(PROVIDED RECORDS Opens)

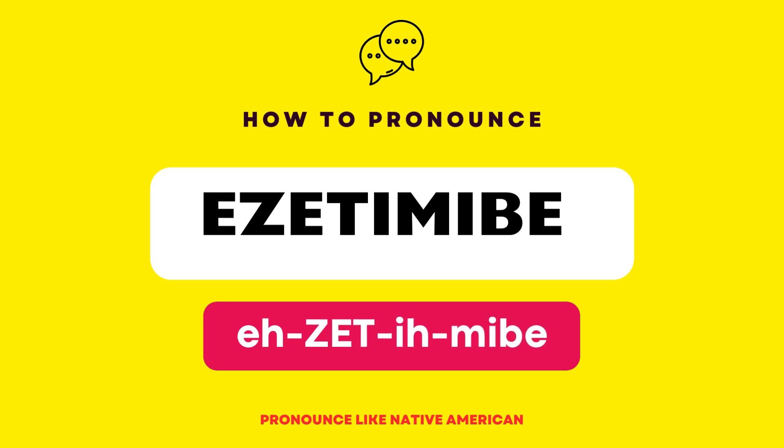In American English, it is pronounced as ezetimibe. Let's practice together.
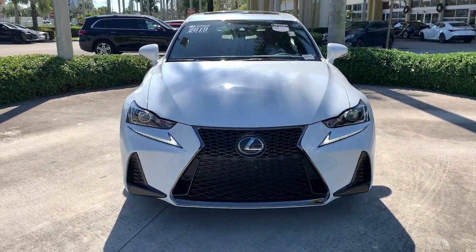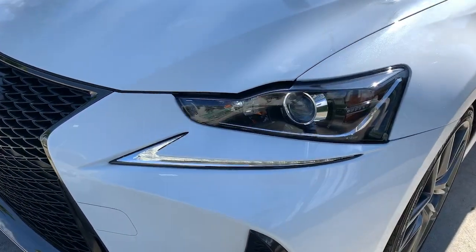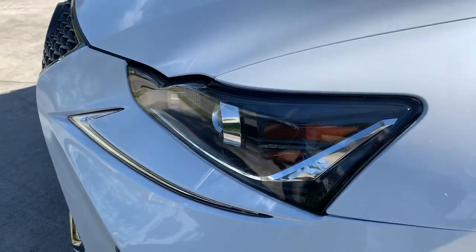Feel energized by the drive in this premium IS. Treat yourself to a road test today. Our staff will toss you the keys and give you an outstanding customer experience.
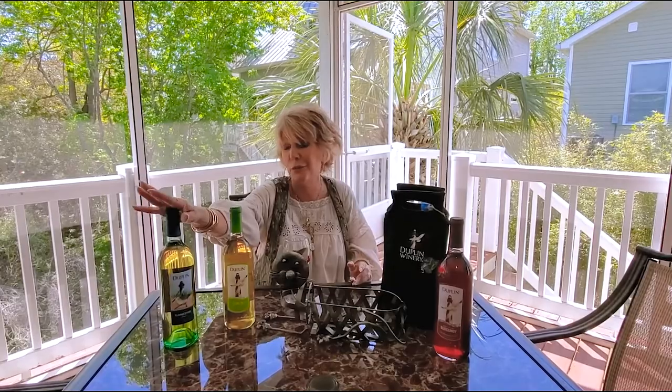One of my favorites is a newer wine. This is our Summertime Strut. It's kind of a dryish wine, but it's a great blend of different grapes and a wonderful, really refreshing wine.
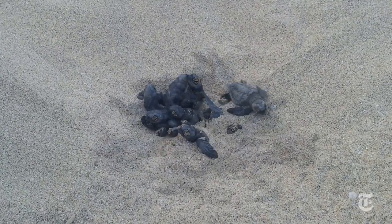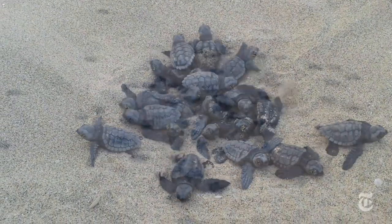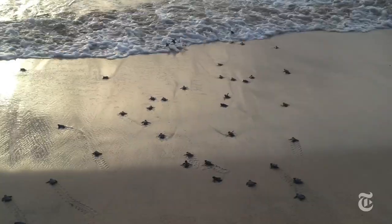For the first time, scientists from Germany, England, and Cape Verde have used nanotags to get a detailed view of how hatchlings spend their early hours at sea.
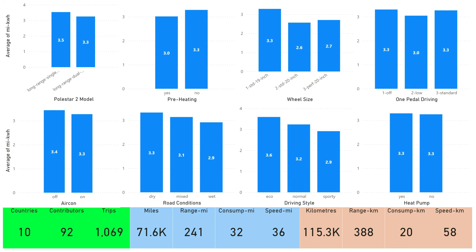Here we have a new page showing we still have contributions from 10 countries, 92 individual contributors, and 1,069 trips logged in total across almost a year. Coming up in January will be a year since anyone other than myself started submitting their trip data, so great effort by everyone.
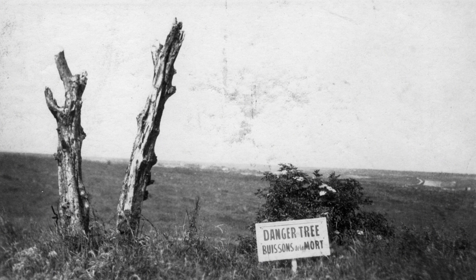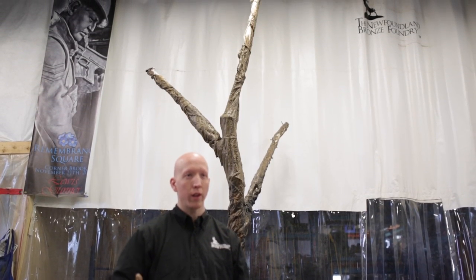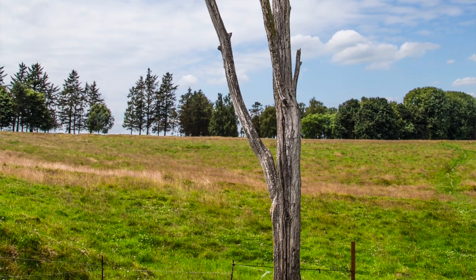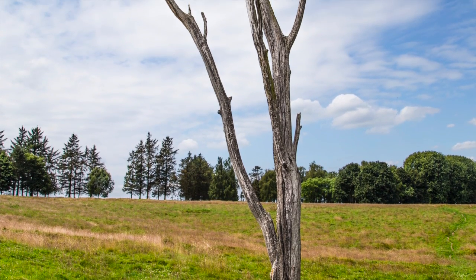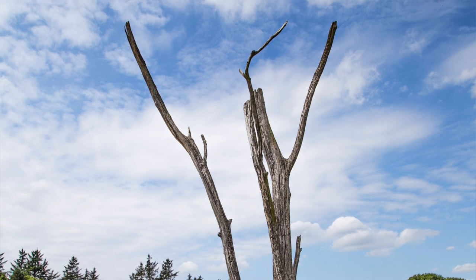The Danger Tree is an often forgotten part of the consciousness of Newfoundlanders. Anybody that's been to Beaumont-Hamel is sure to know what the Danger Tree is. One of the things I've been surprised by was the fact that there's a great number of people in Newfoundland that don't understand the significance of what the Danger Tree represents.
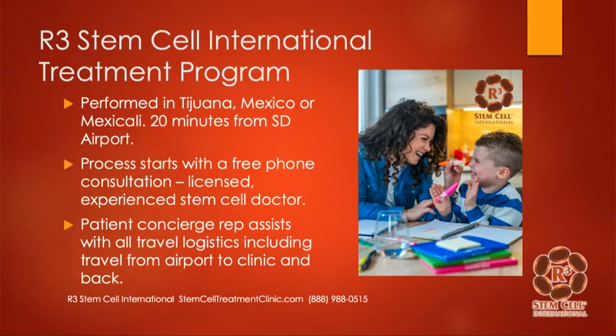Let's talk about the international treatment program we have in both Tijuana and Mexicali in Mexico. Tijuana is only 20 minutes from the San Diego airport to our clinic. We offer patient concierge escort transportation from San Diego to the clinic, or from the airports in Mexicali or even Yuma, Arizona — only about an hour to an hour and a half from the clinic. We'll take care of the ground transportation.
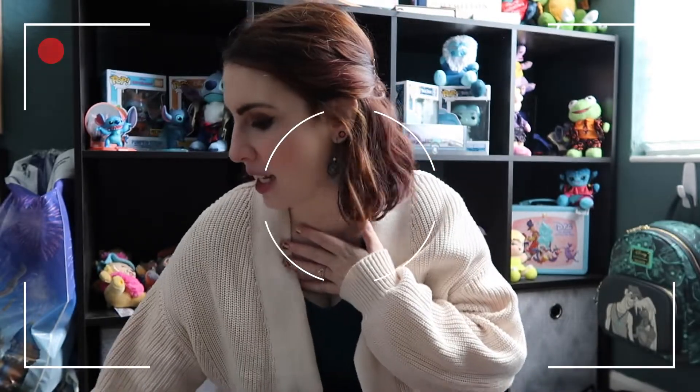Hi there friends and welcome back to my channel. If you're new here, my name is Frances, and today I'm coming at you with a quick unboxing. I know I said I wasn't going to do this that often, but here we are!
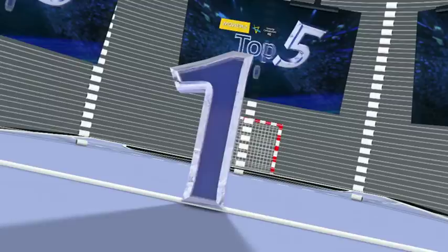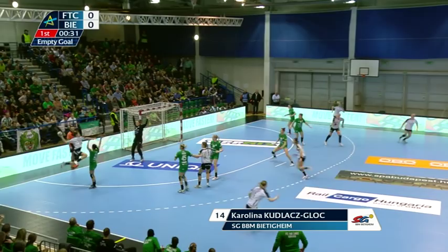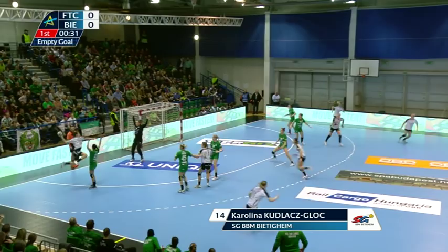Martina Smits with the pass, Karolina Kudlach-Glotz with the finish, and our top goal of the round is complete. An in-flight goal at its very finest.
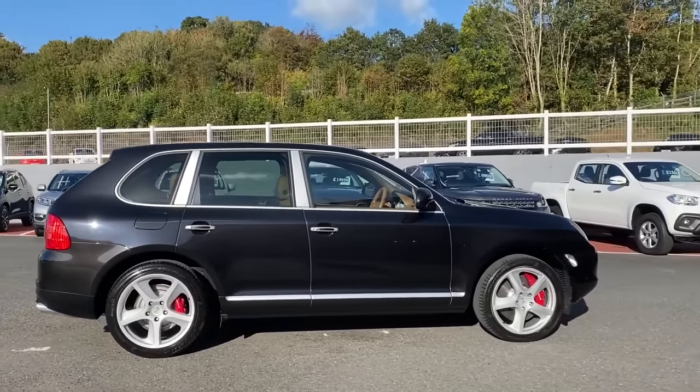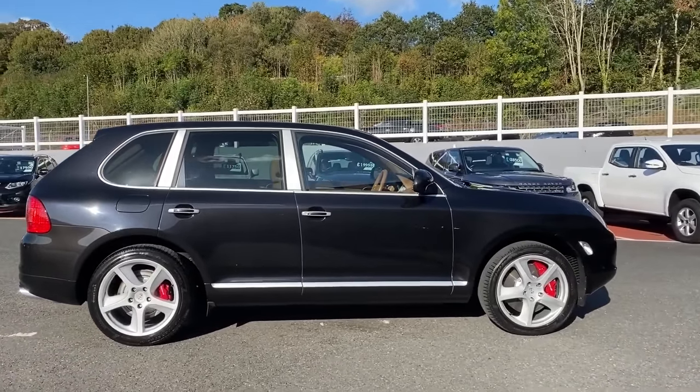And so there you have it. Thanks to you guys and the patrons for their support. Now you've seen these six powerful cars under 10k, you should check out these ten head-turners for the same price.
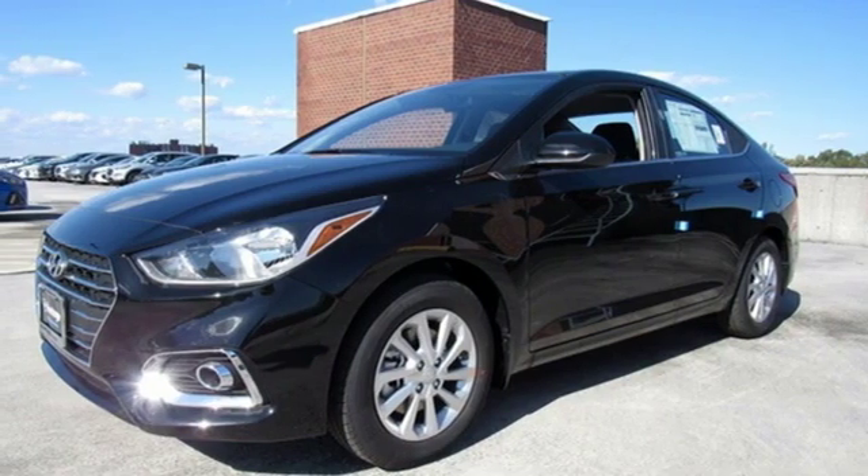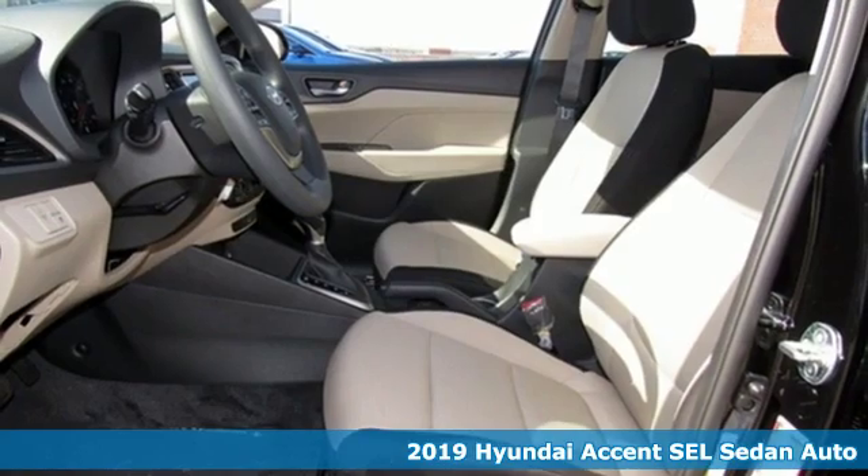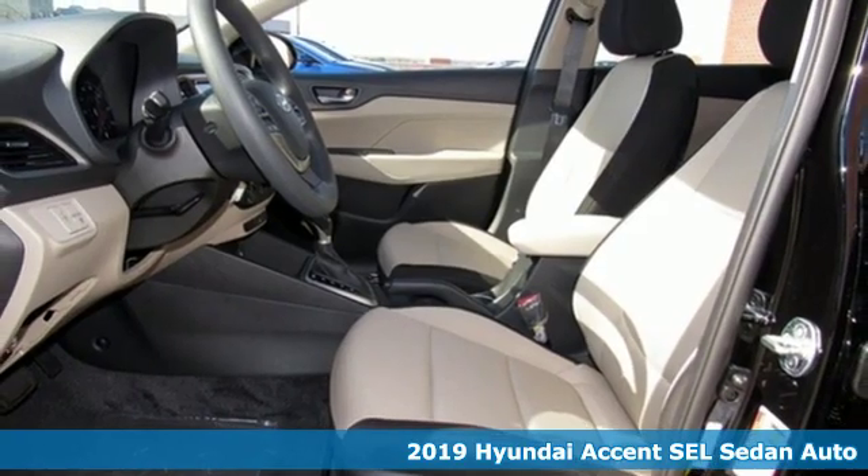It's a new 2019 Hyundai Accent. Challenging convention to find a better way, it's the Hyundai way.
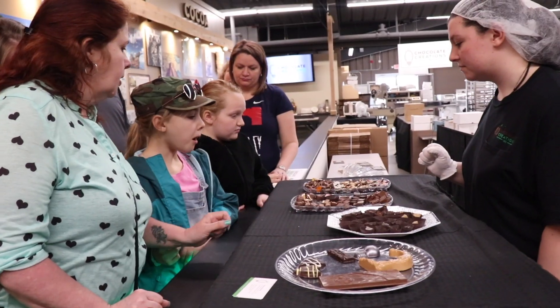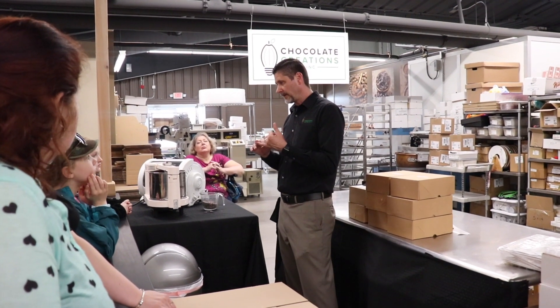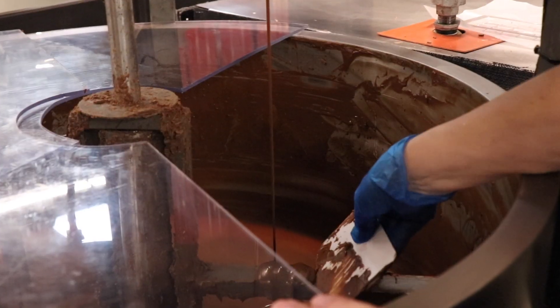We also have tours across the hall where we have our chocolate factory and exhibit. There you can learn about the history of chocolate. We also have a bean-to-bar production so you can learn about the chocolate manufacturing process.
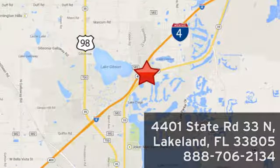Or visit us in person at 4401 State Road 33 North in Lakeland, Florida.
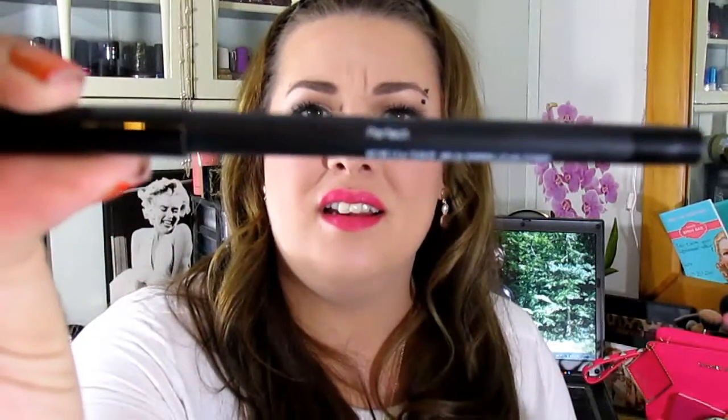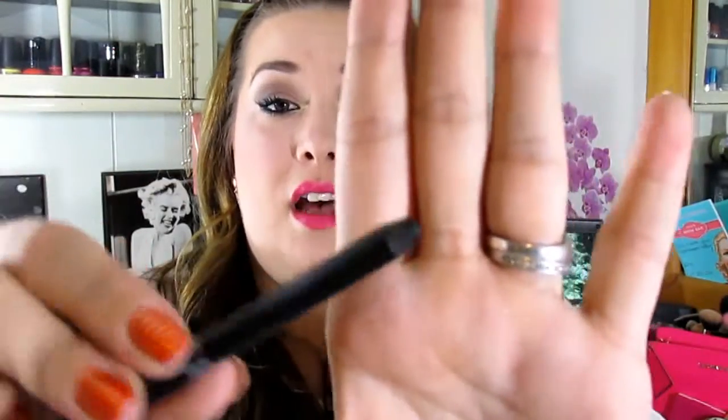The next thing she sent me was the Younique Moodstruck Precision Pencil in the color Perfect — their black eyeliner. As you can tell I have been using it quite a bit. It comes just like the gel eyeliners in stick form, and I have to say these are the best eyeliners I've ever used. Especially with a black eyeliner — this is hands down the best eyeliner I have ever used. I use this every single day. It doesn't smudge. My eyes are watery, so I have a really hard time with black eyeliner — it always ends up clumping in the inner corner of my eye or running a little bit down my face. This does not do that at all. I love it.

(PROVIDED RECORDS Closes)

WORK TO COMPLETE -> Excluding pictures, print all lines above exactly.

TASK ANSWER ->
In American English, it is pronounced as ezetimibe. Let's practice together.
Feel energized by the drive in this premium IS. Treat yourself to a road test today. Our staff will toss you the keys and give you an outstanding customer experience.
One of my favorites is a newer wine. This is our Summertime Strut. It's kind of a dryish wine, but it's a great blend of different grapes and a wonderful, really refreshing wine.
For the first time, scientists from Germany, England, and Cape Verde have used nanotags to get a detailed view of how hatchlings spend their early hours at sea.
Here we have a new page showing we still have contributions from 10 countries, 92 individual contributors, and 1,069 trips logged in total across almost a year. Coming up in January will be a year since anyone other than myself started submitting their trip data, so great effort by everyone.
The Danger Tree is an often forgotten part of the consciousness of Newfoundlanders. Anybody that's been to Beaumont-Hamel is sure to know what the Danger Tree is. One of the things I've been surprised by was the fact that there's a great number of people in Newfoundland that don't understand the significance of what the Danger Tree represents.
Let's talk about the international treatment program we have in both Tijuana and Mexicali in Mexico. Tijuana is only 20 minutes from the San Diego airport to our clinic. We offer patient concierge escort transportation from San Diego to the clinic, or from the airports in Mexicali or even Yuma, Arizona — only about an hour to an hour and a half from the clinic. We'll take care of the ground transportation.
Hi there friends and welcome back to my channel. If you're new here, my name is Frances, and today I'm coming at you with a quick unboxing. I know I said I wasn't going to do this that often, but here we are!
Martina Smits with the pass, Karolina Kudlach-Glotz with the finish, and our top goal of the round is complete. An in-flight goal at its very finest.
And so there you have it. Thanks to you guys and the patrons for their support. Now you've seen these six powerful cars under 10k, you should check out these ten head-turners for the same price.
It's a new 2019 Hyundai Accent. Challenging convention to find a better way, it's the Hyundai way.
We also have tours across the hall where we have our chocolate factory and exhibit. There you can learn about the history of chocolate. We also have a bean-to-bar production so you can learn about the chocolate manufacturing process.
Or visit us in person at 4401 State Road 33 North in Lakeland, Florida.
The next thing she sent me was the Younique Moodstruck Precision Pencil in the color Perfect — their black eyeliner. As you can tell I have been using it quite a bit. It comes just like the gel eyeliners in stick form, and I have to say these are the best eyeliners I've ever used. Especially with a black eyeliner — this is hands down the best eyeliner I have ever used. I use this every single day. It doesn't smudge. My eyes are watery, so I have a really hard time with black eyeliner — it always ends up clumping in the inner corner of my eye or running a little bit down my face. This does not do that at all. I love it.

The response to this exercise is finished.